According to Kids Health, an educational online reference guide for parents, says that two-thirds of infants and toddlers watch television about two hours everyday. The number drastically increases for children and adolescents between ages eight and 18, who spend nearly four hours a day in front of a television screen, with an additional two hours spent on the computer and video games. Computer activity does not include homework, which leads many to wonder when children are finding the time to get any school work done.

The educational value of children's television time has been "underestimated," said the report's lead author, Dr. Alice Sullivan, senior academic at the University's Institute of Education. "It may also help expose some children to a broader vocabulary than they get at home."

Television moderation can be a good thing, especially when aiding in education, such as public television programs, which both entertain and teach children. However, the first two years of a child's life are considered critical for brain development, and because of this, the American Academy of Pediatrics recommends that children under two years old do not watch any television, and those older than two, watch no more than one to two hours of quality programming daily.

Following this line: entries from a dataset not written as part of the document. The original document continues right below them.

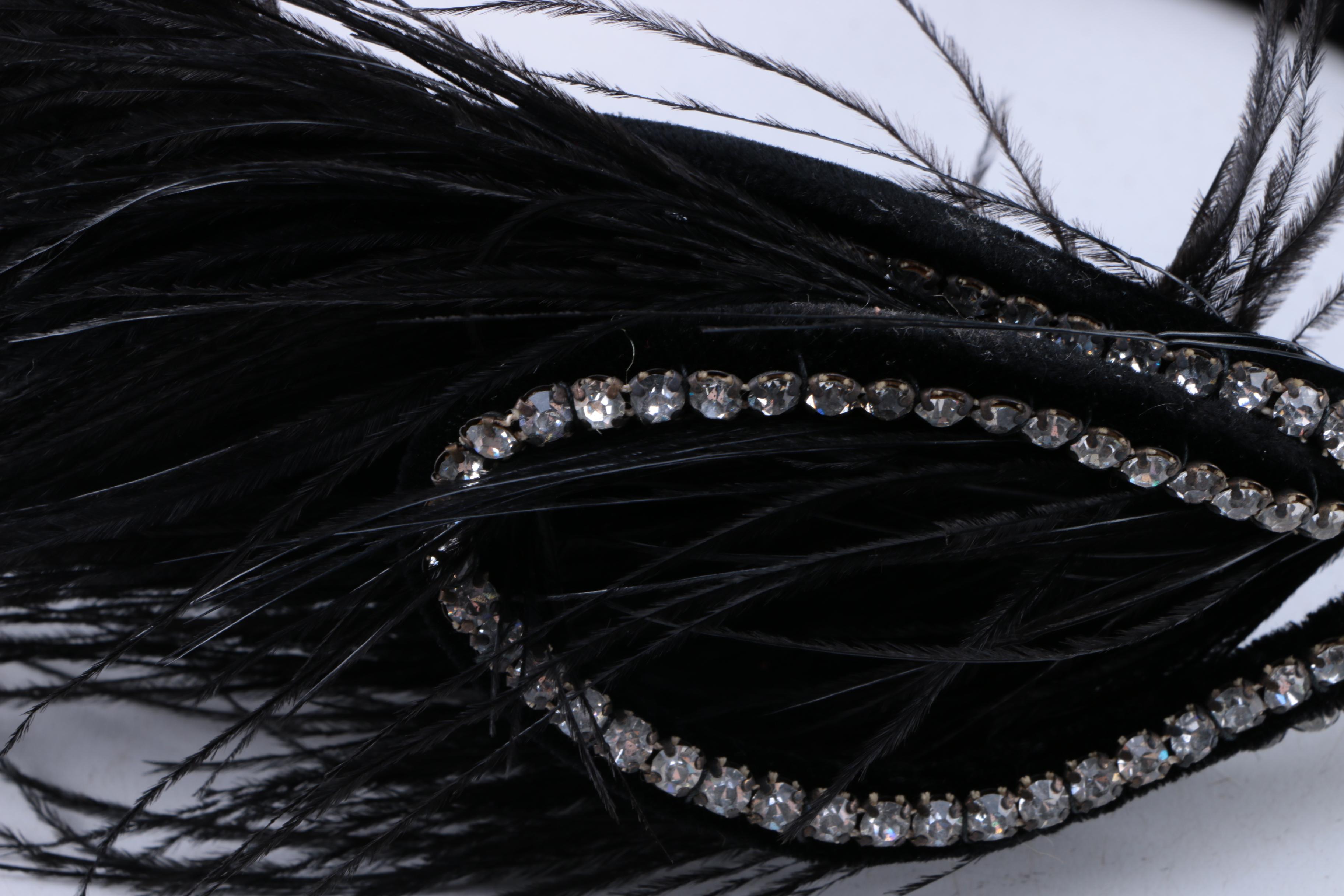 Women's Vintage Hats Including Mr. John Jr.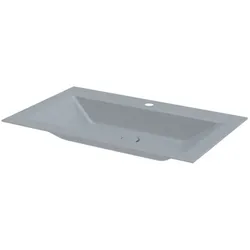 Bette Loft Einbau-Waschtisch A230-412HLW1 80x49,5x10cm, HLW1, quartz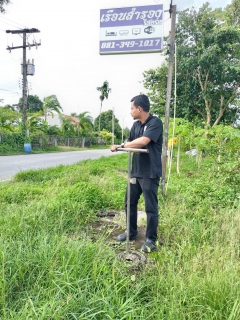 ไฟล์แนบ กปภ.สาขาคลองท่อม ลงพื้นที่หาท่อแตกรั่ว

According to an editorial in the Journal of the American Medical Association, media is a powerful teacher of children and adolescents. The media controls images that could influence violence, sex, drugs, obesity, and even body dysmorphic disorder.

Victor C. Strasburger, author of the editorial, said, "When children and adolescents spend more time with media than they do in school or in any leisure time activity except for sleeping, much close attention should be paid to the influence media has on them."

According to the 2012 Advance/Preliminary TV Household Universe Estimate, 114.7 million televisions are estimated inside homes across the U.S., which, interestingly enough, is down from 2011's estimate of 115.9 million televisions.

The study included 11,000 British seven-year-olds who were tracked since birth in a long-term project called the Millennium Cohort Study, which was published in the journal Sociology. The study was instigated by politicians' claims that parenting skills were more important in determining how well children excel academically and later on in life, as opposed to the effects of their social backgrounds.

The study found that children whose parents had a steady above-average income were more than a year ahead of children with unskilled or semi-skilled parents.

"I think as people, we think a core American value is if you work hard, you'll be able to move up the ladder," said Michele Siqueiros, executive of the Campaign for College Opportunity. "Education is really the pathway for them to get out of poverty, but as you look and see the resources for them to get [a college education] there's really more hurdles and obstacles for them than real opportunity."

Social classes play a large role in the education system, specifically in America. Television can be used as an educational tool, if it is monitored correctly, and the likelihood of that happening in a low-income working class home is less than it is for an affluent family.

"Children growing up in low-income families have worse health and educational outcomes," according to The Working Poor Families Project's data from the U.S. Census Bureau. In 2011, there were 23.5 million children in low-income working families.

The analysis concluded that determining how well children performed academically depended on factors aside from television watching — in particular, social class and parents' education levels.